Par contre, certains arbres et plantes peuvent attendre de nombreuses années avant d’être en mesure de produire leurs premières graines (comme c’est le cas du petit prêcheur) ou alterneront entre des années de forte production et des années plutôt maigres. De plus, sans parler de soins parentaux, des arbres poussant à proximité les uns des autres peuvent s’entraider par leurs racines et le réseau mycorhizien***. Ces caractéristiques seraient donc plus celles d’espèces de sélection K.

Sans être un modèle parfait, ces deux stratégies nous permettent d’observer et de comprendre les espèces sous un nouvel angle en ce qui concerne leur reproduction. Cela permet également de comprendre pourquoi des caractéristiques ou des comportements particuliers sont plus fréquents que d’autres (ou d’autres ou d’autres).

NOTES

* La variable « r » représente le taux de croissance d’une population. La sélection r fait donc référence à une sélection qui met au premier plan l’accroissement de la population par une forte production de descendants.
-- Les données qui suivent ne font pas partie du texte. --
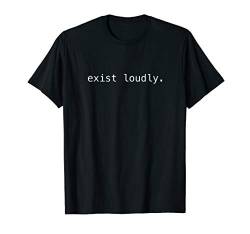 Exist loudly. T-Shirt von Statement Tees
** La variable « K » représente la capacité de support du milieu. La sélection K fait donc référence à une sélection qui tend à atteindre un nombre d’individus plutôt stable et en équilibre avec ce que le milieu peut fournir comme ressource. On y reviendra plus en détail sur cette capacité de support du milieu.

*** Cet étonnant réseau souterrain est primordial pour la santé de nos milieux forestiers, et de bien d’autres types d’écosystèmes d’ailleurs. On te parle de cette relation symbiotique entre les champignons et les végétaux, juste ici!  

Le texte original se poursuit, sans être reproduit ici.